Repeat word for word the lines from the one containing "私人借款微信放款方式2025年推荐，盘点五个黑户都能下的平台" to the end of the material below, and leave all pictures out.

** Opening INPUT RECORDS block **

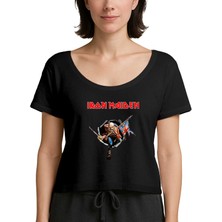 Z zepplin Iron Maiden Trooper Siyah Kadın Tişört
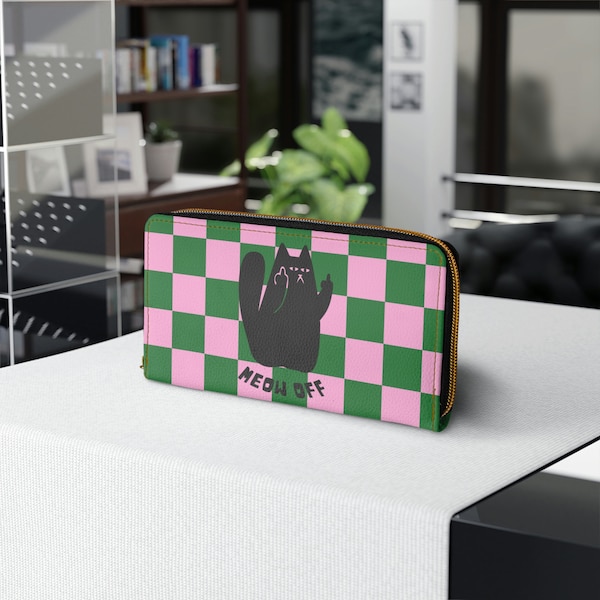 Checkered funny cat Wallet, Black Cat middle finger meow off Wallet, cute wallet , crazy cat lady gift, cat lover gift, kawaii cats wallet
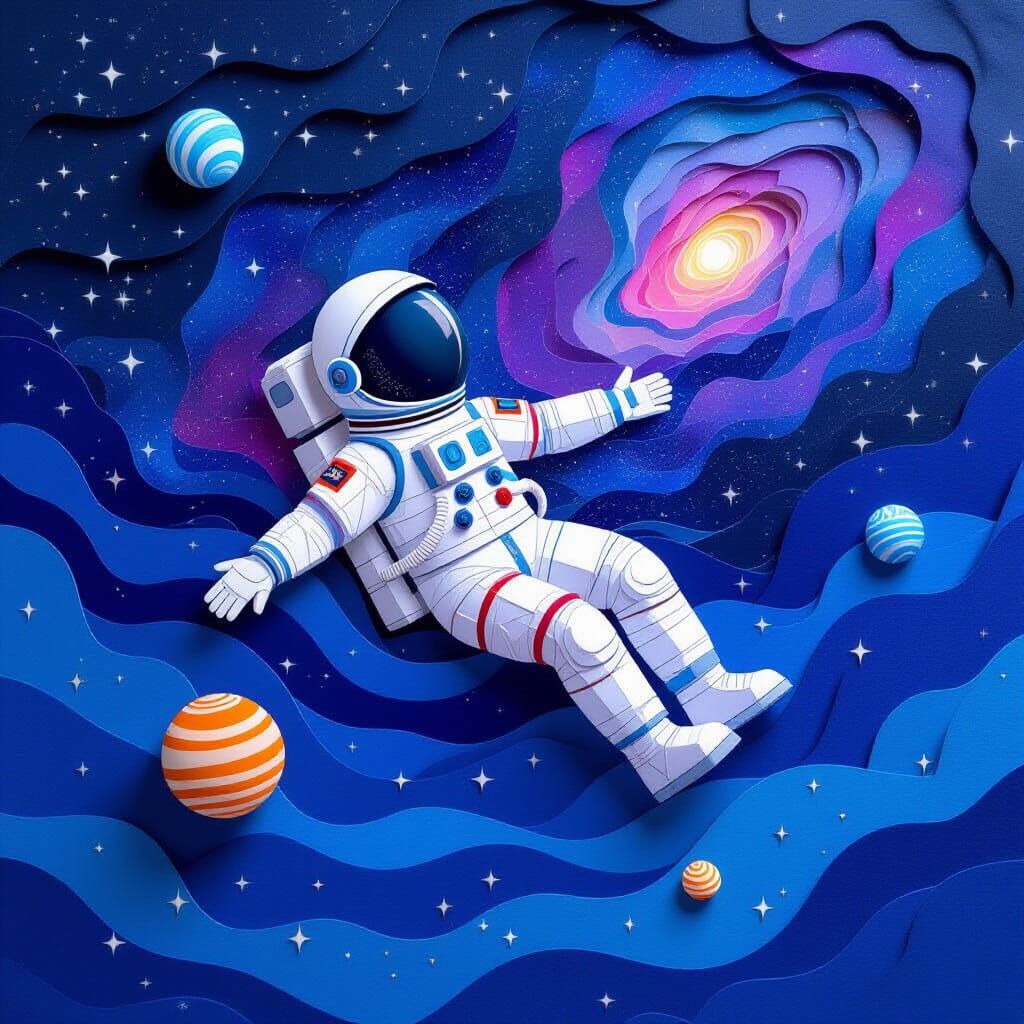Astronaut Adrift in Papercraft Cosmic Ocean
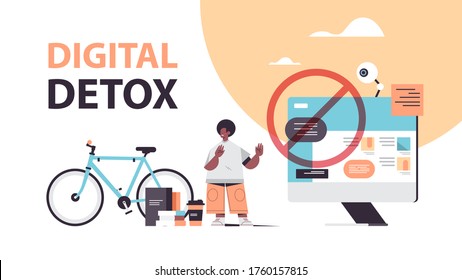 man making stop gesture with palm digital detox concept guy abandoning internet and social networks healthy lifestyle horizontal full length vector illustration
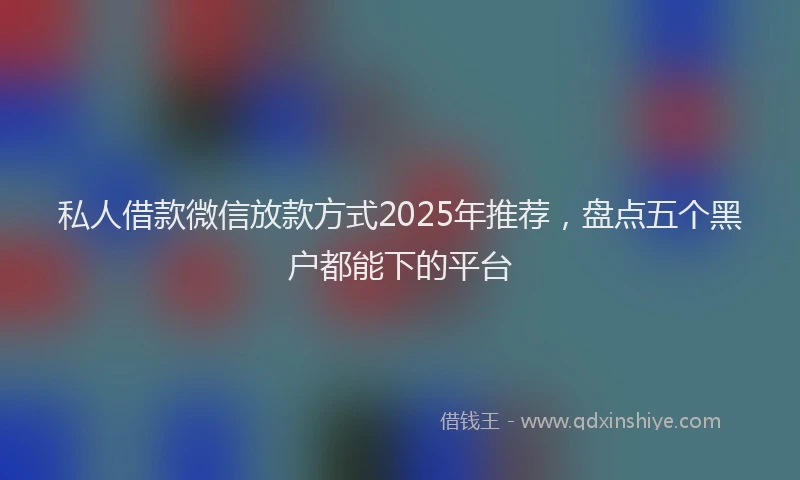 私人借款微信放款方式2025年推荐，盘点五个黑户都能下的平台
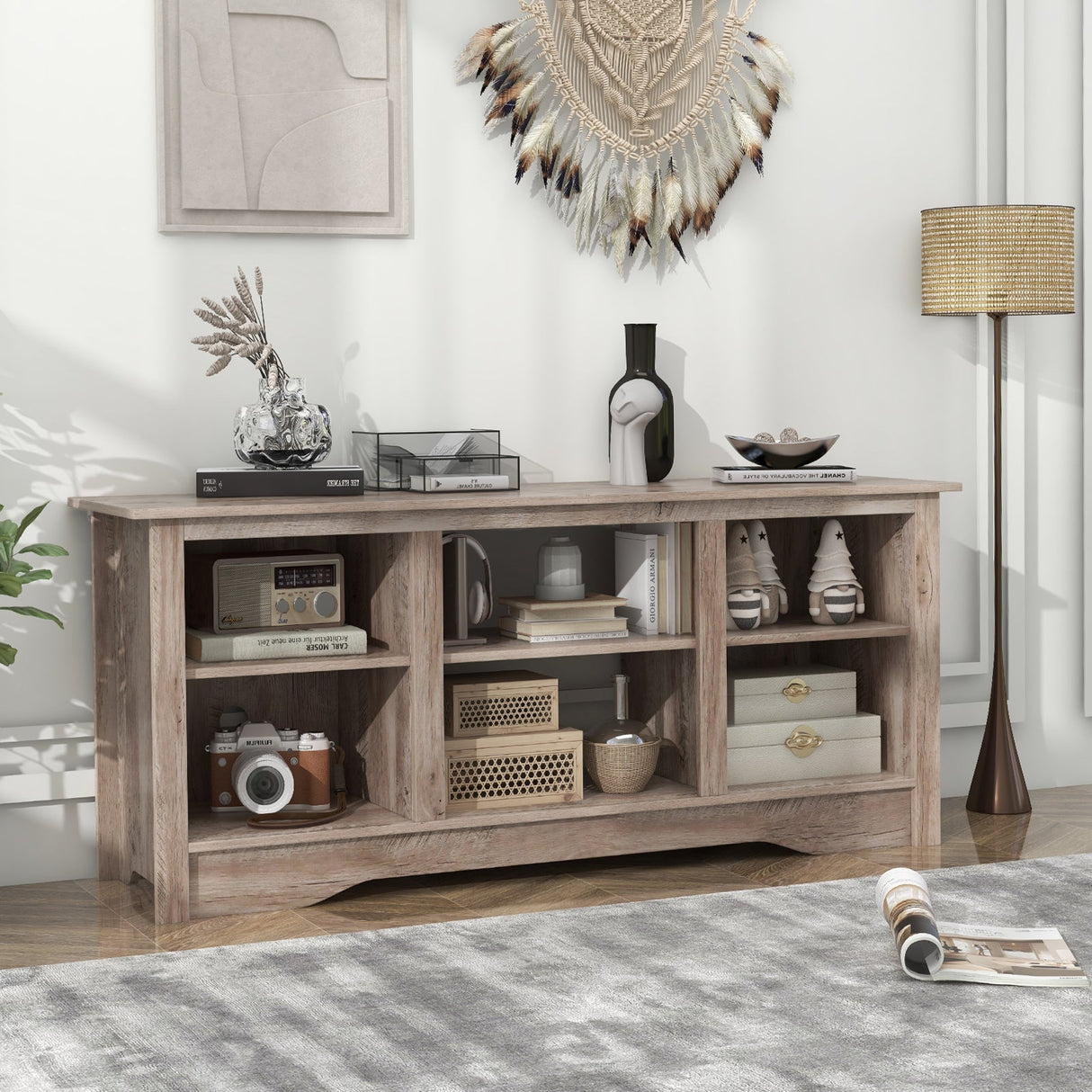 TV Stand for up to 65 Inch Flat Screen TVs with Adjustable Shelves for 18 Inch Electric Fireplace (Not Included)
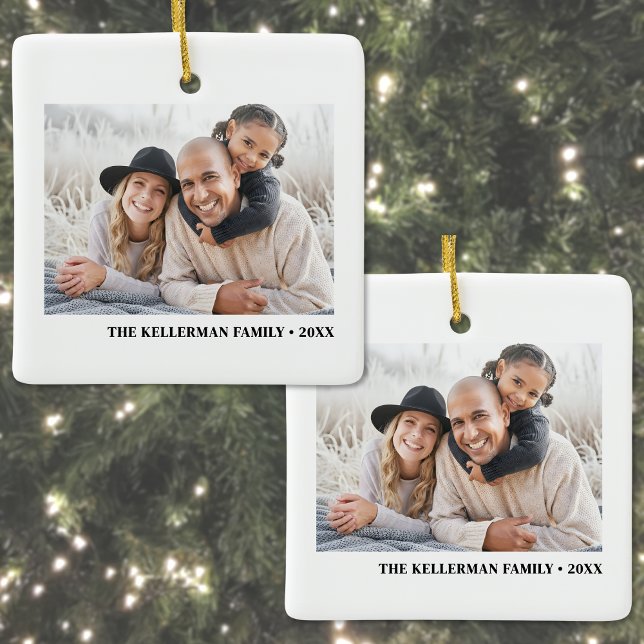 Custom Double Sided Family Two Photo Christmas Ceramic Ornament (Custom Double Sided Family Two Photo Christmas Ceramic Ornament)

** Closing INPUT RECORDS block **

**RESULT OF THIS EXERCISE:**
 私人借款微信放款方式2025年推荐，盘点五个黑户都能下的平台
 TV Stand for up to 65 Inch Flat Screen TVs with Adjustable Shelves for 18 Inch Electric Fireplace (Not Included)
 Custom Double Sided Family Two Photo Christmas Ceramic Ornament (Custom Double Sided Family Two Photo Christmas Ceramic Ornament)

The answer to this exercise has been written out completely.